> [Record set]:

----------------------------------------

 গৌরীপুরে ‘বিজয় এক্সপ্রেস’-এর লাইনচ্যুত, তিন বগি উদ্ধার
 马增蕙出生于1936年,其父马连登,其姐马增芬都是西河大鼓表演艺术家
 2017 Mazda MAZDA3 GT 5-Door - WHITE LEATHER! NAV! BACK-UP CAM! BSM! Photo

----------------------------------------

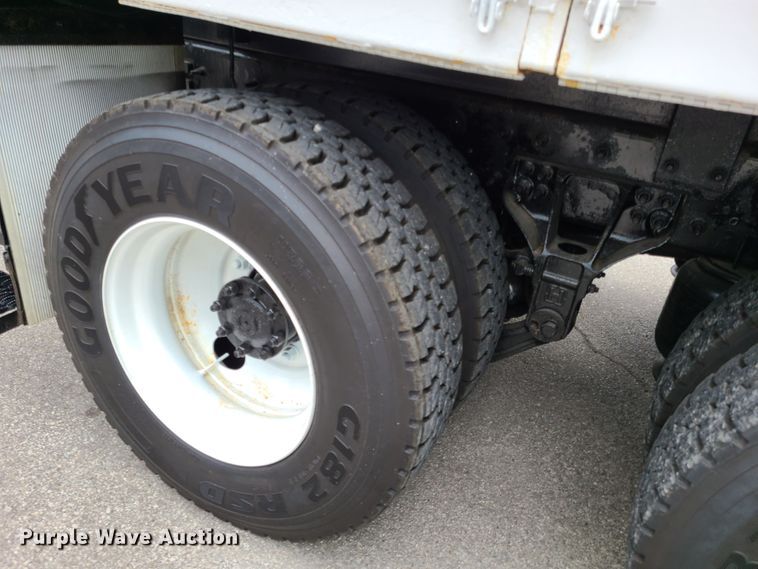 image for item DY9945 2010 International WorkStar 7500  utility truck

----------------------------------------

> [Task]: The reply should consist solely of the lines above from the one that has "গৌরীপুরে ‘বিজয় এক্সপ্রেস’-এর" through the one that has "2017 Mazda MAZDA3", reproduced exactly.

> [Expected answer]:
 গৌরীপুরে ‘বিজয় এক্সপ্রেস’-এর লাইনচ্যুত, তিন বগি উদ্ধার
 马增蕙出生于1936年,其父马连登,其姐马增芬都是西河大鼓表演艺术家
 2017 Mazda MAZDA3 GT 5-Door - WHITE LEATHER! NAV! BACK-UP CAM! BSM! Photo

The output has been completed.